It takes a while for fire recovery to do its magic and for a trail and its facilities to be rebuilt but in December 2023, the trail finally reopened to individual hikers.

And so on a spur of the moment, we decided to book a short trip to Kangaroo Island and hike the 66km Kangaroo Island Wilderness Trail in March.

View along the coast at Snake Lagoon, Kangaroo Island Wilderness Trail

I desperately needed a break from work and a good dose of nature, and since the KIWT fits very neatly into a week, it ended up being a great choice for a week’s getaway.

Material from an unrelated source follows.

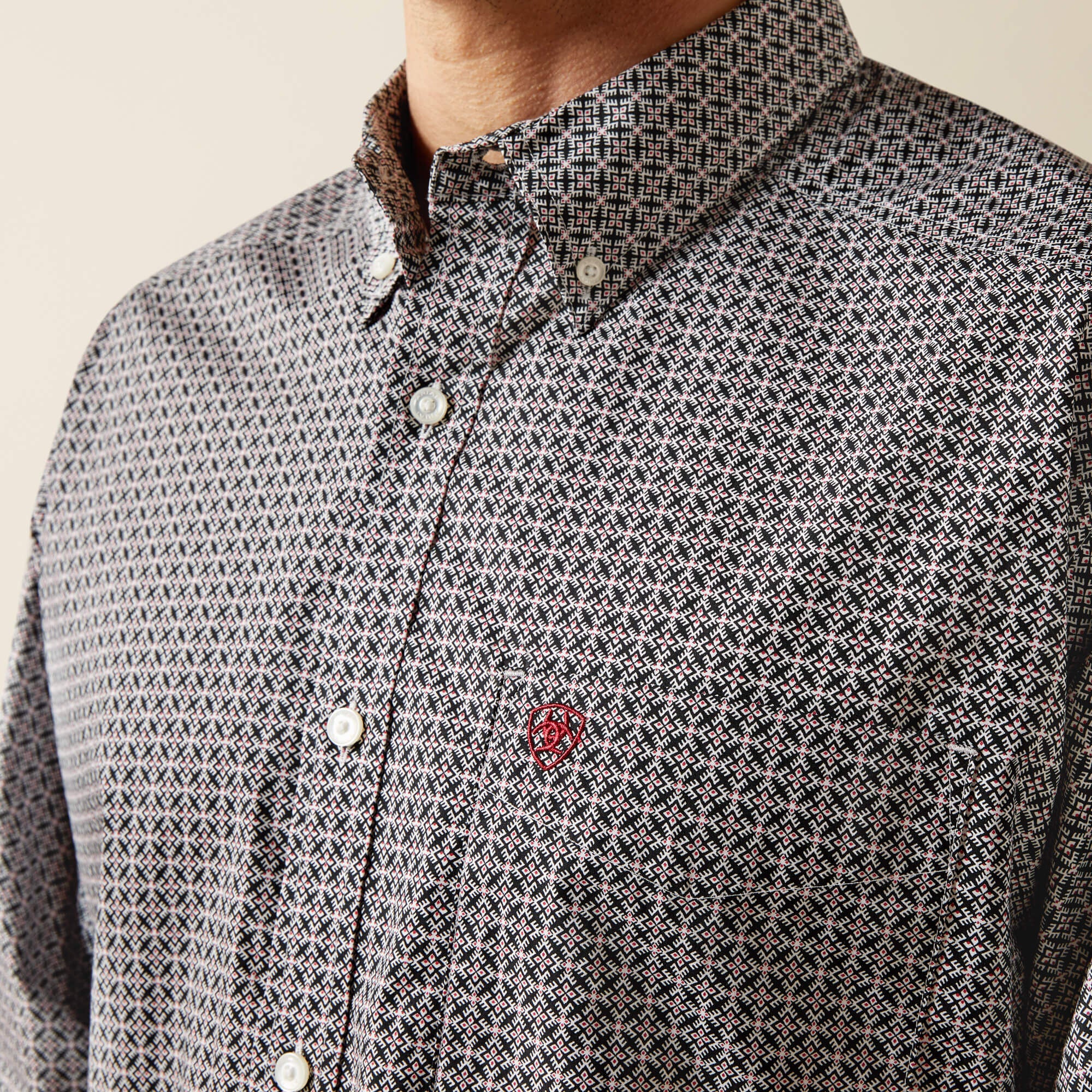 Tobias Classic Fit Shirt Men | Ariat discount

KANGAROO ISLAND WILDERNESS TRAIL: OVERVIEW

The Kangaroo Island Wilderness Trail (KIWT) is not the world’s most amazing hiking trail. It’s not even Australia’s most incredible hiking trail (try the Larapinta for that) but the KIWT is a very enjoyable, scenic coastal track.

Being a southern coastal hike, we kept comparing the Kangaroo Island Wilderness Trail to the Three Capes Track (TCT) in Tassie, even though they’re both quite different trails (and with vastly different amenities and associated price tags).

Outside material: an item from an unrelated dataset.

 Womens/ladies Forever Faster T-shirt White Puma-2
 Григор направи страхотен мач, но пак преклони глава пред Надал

From a scenic point of view, I enjoyed the KIWT more than the Three Capes Track while the husband preferred the TCT for its dramatic cliffs.

Looking back on the sprawling Kangaroo Island coastline on Day 2
The Kangaroo Island Wilderness Trail at a glance
Distance: 66KM
Time: 4-5 days
Highest Elevation: 150m
Grade: 4 (moderate)
Start Point: Flinders Chase Visitor Centre
End Point: Kelly Hill Caves
Permits: National Parks & Wildlife Service SA
Cost: $193 pp

Personal enjoyment rating:

THE BASICS IN SLIGHTLY MORE DETAIL

There aren’t too many options when it comes to hiking the Kangaroo Island Wilderness Trail.

In March 2024, the trail fee was AU$193 each, and included campsite fees (4 nights), a large waterproof map (provided at induction), and admission to Kelly Hill Caves. You’ll need to book your hike online to secure a permit.

The 60-odd kilometre trail can only be hiked in one direction – west to east – and usually takes about five days.

Your last day is either very short (about 7.6km), or it could quite feasibly be squished into the previous day if you don’t mind a longer day as your last day, thus making the KIWT a 4-day hike. You’ll need a car shuffle or arrange a private shuttle back to the start though.

12 individual hikers are allowed on the trail each day, and you can only stay at each campsite for one night. There were eight other hikers when we hiked the trail, which was fairly full given that other people were completely on their own (based on what I gleaned from logbook entries).

You may also meet a few guided groups, most of which will not actually stay on the trail but get bussed in and out every day. We met about three different groups over the five days but none stayed in the campgrounds so it still felt fairly quiet and relaxing.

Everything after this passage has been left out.